Ao começar com uma arquitetura de dados unificada e processos preparados para IA, a Riyadh Air argumenta que pode alcançar níveis de tomada de decisão em tempo real, personalização e consistência operacional que ainda são difíceis de igualar para as companhias aéreas mais tradicionais. O ambiente de trabalho digital da empresa, por exemplo, permitirá que os funcionários interajam com os sistemas internos por meio de agentes de IA baseados em chat, enquanto os membros da tripulação receberão avisos em tempo real para antecipar as necessidades dos passageiros. No âmbito operacional, o conjunto integrado de análises da companhia aérea automatizará o planejamento, o orçamento e a previsão.
Resta saber se esse modelo baseado em IA conseguirá suportar as pressões da aviação no mundo real. O setor é notoriamente implacável, dependendo de cronogramas apertados, coordenação complexa e interrupções globais imprevisíveis.

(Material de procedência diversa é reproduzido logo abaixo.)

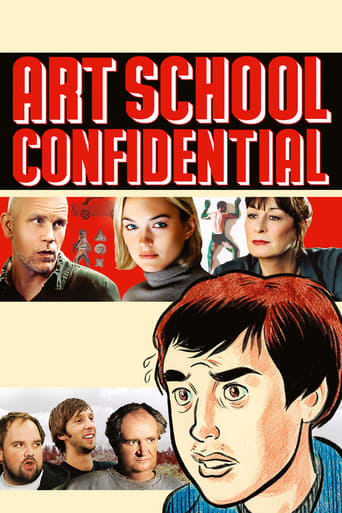 Poster de Art School Confidential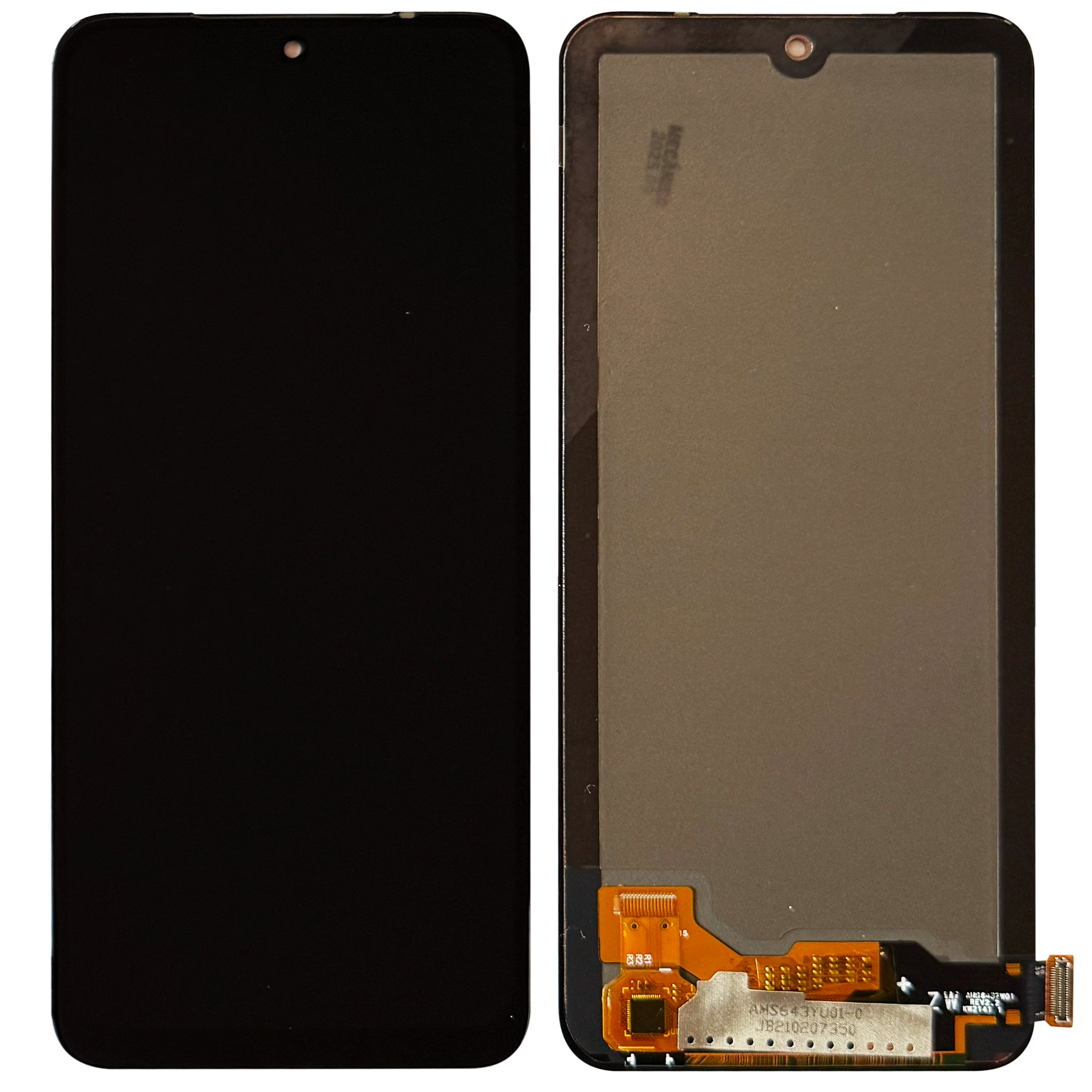 Display Xiaomi Redmi Note 11 / Note 11s / Note 12s OLED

Especialistas observam que o sucesso da abordagem da Riyadh Air dependerá muito da confiabilidade de sua tecnologia, da adaptabilidade de sua força de trabalho e da disposição dos passageiros em adotar o serviço mediado por IA.

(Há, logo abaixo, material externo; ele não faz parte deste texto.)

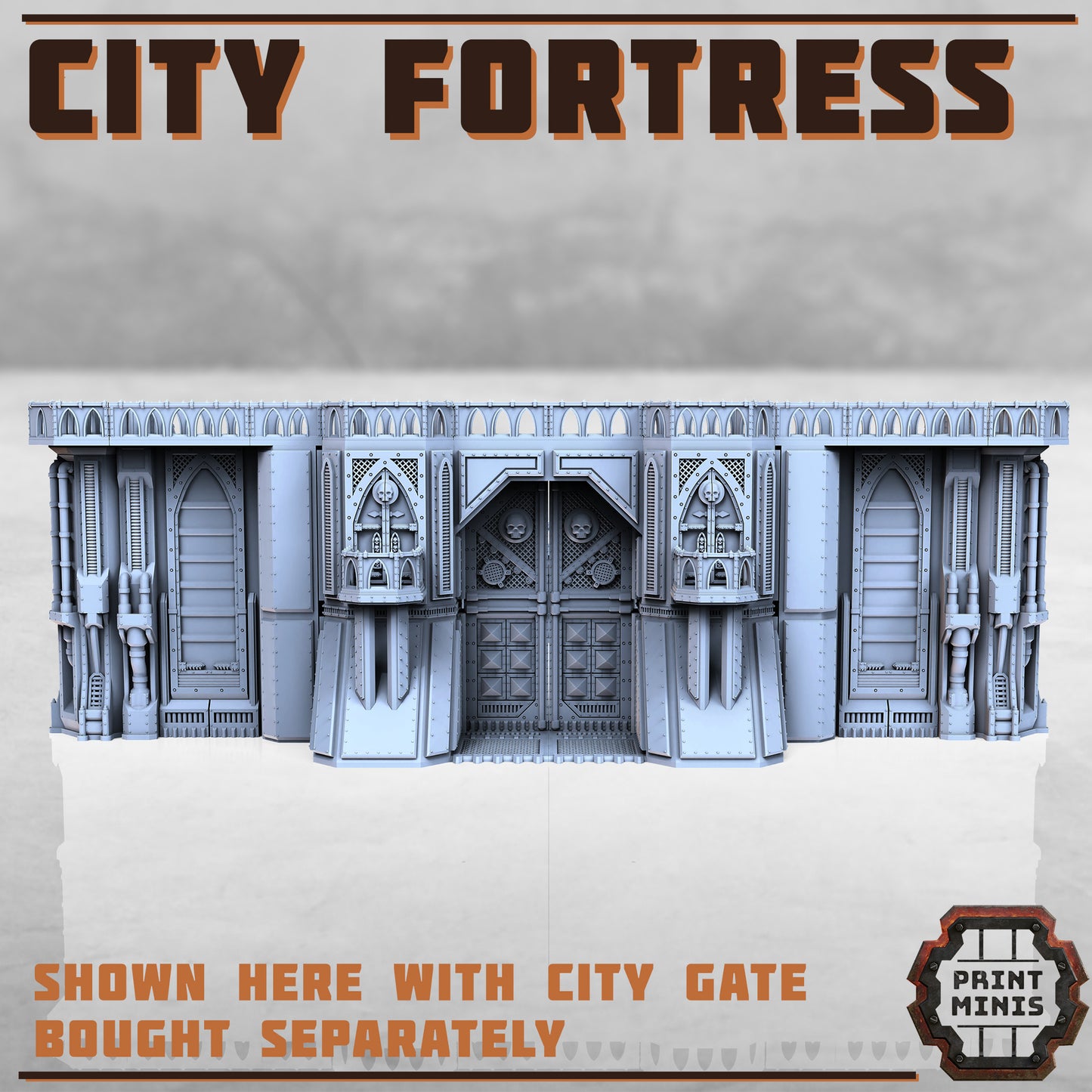 City Fortress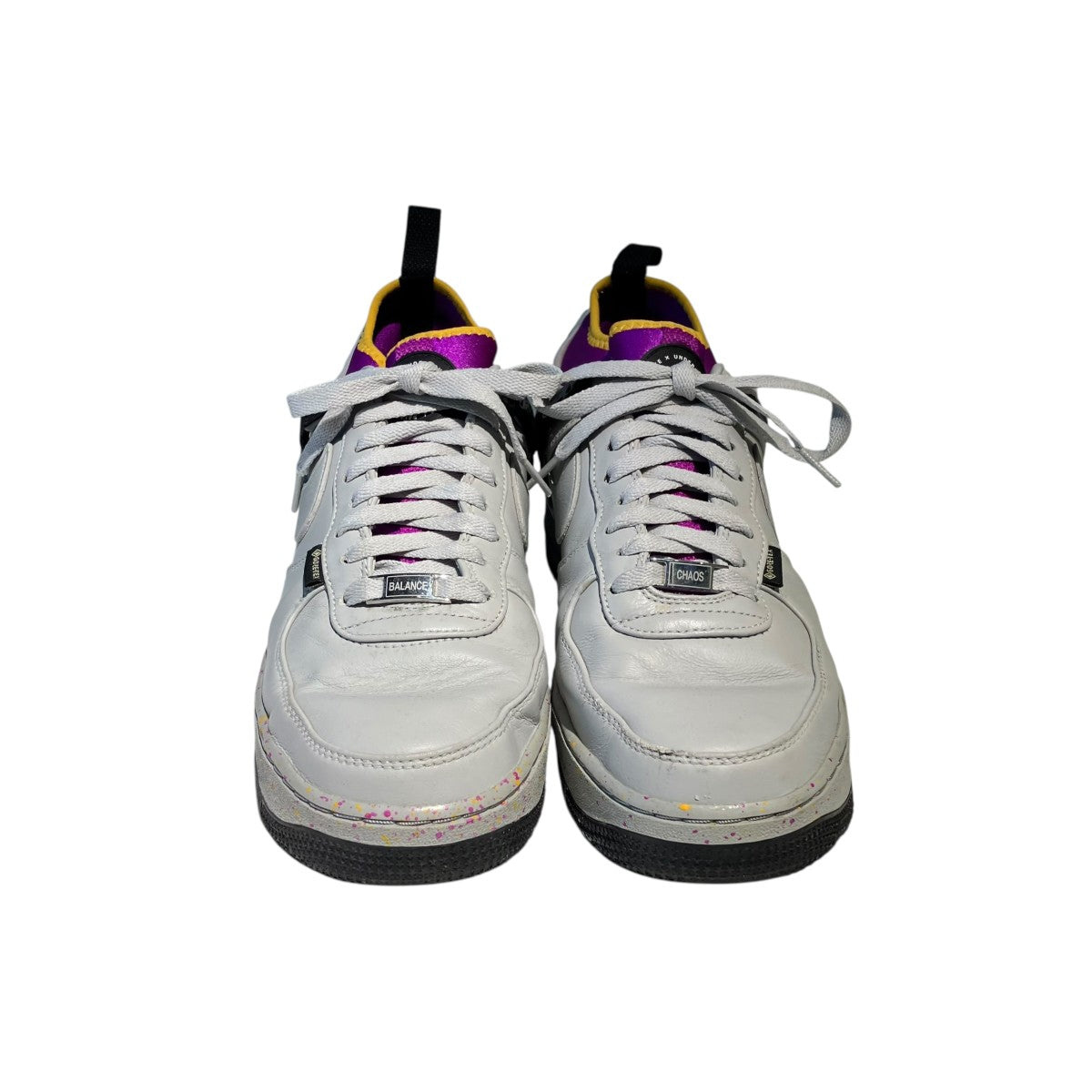 Air Force 1 Low Grey FogローカットスニーカーDQ7558-001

Ainda assim, o projeto reflete Visão da Arábia Saudita 2030, um esforço nacional para diversificar a economia e transformar Riade em um centro global de aviação e turismo. O governo pretende conectar o país a mais de 100 destinos e atrair dezenas de milhões de visitantes anualmente.
Em resumo: uma aposta ousada no futuro.
A Riyadh Air ainda não operou nenhuma rota comercial, mas já está mirando alto, se autodenominando o modelo para a próxima década da aviação. Ao firmar parceria com a IBM para construir uma arquitetura com foco em inteligência artificial, a empresa busca criar um novo modelo de operação para as companhias aéreas: limpo, rápido, inteligente, automatizado e personalizado.

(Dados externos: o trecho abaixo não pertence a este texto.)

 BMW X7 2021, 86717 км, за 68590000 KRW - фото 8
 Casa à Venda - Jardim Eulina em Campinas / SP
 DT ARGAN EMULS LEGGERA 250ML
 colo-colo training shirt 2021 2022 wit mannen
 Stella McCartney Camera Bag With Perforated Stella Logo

Se a companhia aérea tiver sucesso, a Riyadh Air não será apenas mais uma companhia aérea do Golfo — será a novo padrão da indústria, uma concorrente com as ferramentas necessárias para ultrapassar gigantes como Emirates, Qatar, Etihad e Turkish.
Se falhar, será uma das experiências tecnológicas mais extravagantes da história da aviação.
De qualquer forma, os céus do Oriente Médio ficaram muito mais interessantes.